Detailed Description

The present invention will be described in further detail with reference to examples, but the embodiments of the present invention are not limited thereto.

Example 1

The graphene far infrared superfine fiber multilayer non-woven fabric is prepared by the following method:

(1) 70 percent of graphene far infrared superfine fiber (short fiber 32 MM-38 MM, fineness 0.5D) and 30 percent of 4080 low-melting-point fiber (110 ℃, 4D multiplied by 51MM) are respectively sent to a frequency conversion card clothing opener for opening after being automatically unpacked and weighed.

(2) And (2) respectively conveying the graphene far infrared superfine fibers and the 4080 low-melting-point fibers processed in the step (1) to a wind power mixer through an automatic conveying row for secondary air mixing and opening, setting an automatic fluorescence detection device in the conveying process, and stopping the machine once the full-line photoelectric linkage of fluorescence signals is found, so that all the fibers are ensured not to contain a fluorescent whitening agent. Then the cotton seeds are respectively sent to different cotton boxes through air pipes, the cotton boxes control the feeding amount of each time in a photoelectric height and volume weight fixing mode, and the feeding error of each time is controlled within plus or minus 1% of the weight.

(3) And (3) conveying the fibers in the step (2) to a zero-wind-pressure cotton net collecting device according to the arrangement mode that the middle layer is low-melting-point fibers and the upper layer and the lower layer are graphene far infrared superfine fibers, and enabling the fibers to uniformly fall onto a collecting row.

(4) And (4) physically rolling and pre-bonding the fibers collected in the step (3) into a fiber web, then sending the fiber web to a thermal bonding machine for shaping, cooling the fiber web in a secondary cooling device, setting the length and the stacking number of each roll, automatically winding, cutting, packaging and warehousing the fiber web.
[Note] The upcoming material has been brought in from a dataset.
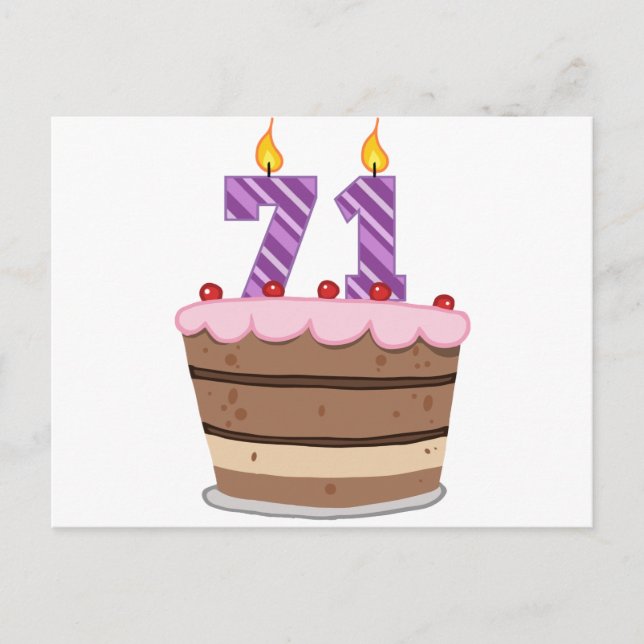 Ålder 71 på födelsedagskaka vykort (Framsida)
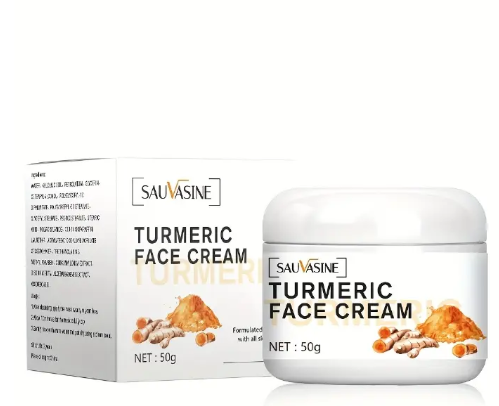 Sauvasine Lanthome TURMERIC Brightening & Anti-Aging Face Cream. Treats Acne, Minimize Pores, Fade Spots & Smoothens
The gram weight obtained is 5g/m²Graphene (D) isInfrared superfine fiber multilayer non-woven fabric.

The graphene far infrared superfine fiber used in the embodiment is obtained by mixing nylon fiber master batch added with graphene and far infrared ceramic powder and nylon fiber slices, and then carrying out melt blending spinning.

Example 2

The graphene negative ion superfine fiber multilayer non-woven fabric is prepared by the following method:

(1) 80% of graphene negative ion superfine fibers (short fibers and medium and long fibers 32 MM-51 MM, the fineness is 1.0D) and 20% of 4080 low-melting-point fibers (110 ℃, 4D × 51MM) are automatically unpacked and weighed, and then sent to a frequency conversion card clothing opener to be opened.

(2) And (2) respectively conveying the graphene negative ion superfine fibers and the 4080 low-melting-point fibers processed in the step (1) to a wind power mixer through an automatic conveying row for secondary air mixing and opening, arranging an automatic fluorescence detection device in the conveying process, and stopping the machine in a full-line photoelectric linkage manner once a fluorescence signal is found, so that all the fibers are ensured not to contain a fluorescent whitening agent. Then the cotton seeds are respectively sent to different cotton boxes through air pipes, the cotton boxes control the feeding amount of each time in a photoelectric height and volume weight fixing mode, and the feeding error of each time is controlled within plus or minus 1% of the weight.

(3) And (3) conveying the fibers in the step (2) to a zero-wind-pressure cotton net collecting device according to the arrangement mode that the middle layer is low-melting-point fibers and the upper layer and the lower layer are graphene negative ion superfine fibers, and enabling the fibers to uniformly fall onto a collecting row.

(4) And (4) physically rolling and pre-bonding the fibers collected in the step (3) into a fiber web, then sending the fiber web to a thermal bonding machine for shaping, cooling the fiber web in a secondary cooling device, setting the length and the stacking number of each roll, automatically winding, cutting, packaging and warehousing the fiber web. The gram weight of the obtained product is 6g/m²The graphene negative ion superfine fiber multilayer non-woven fabric.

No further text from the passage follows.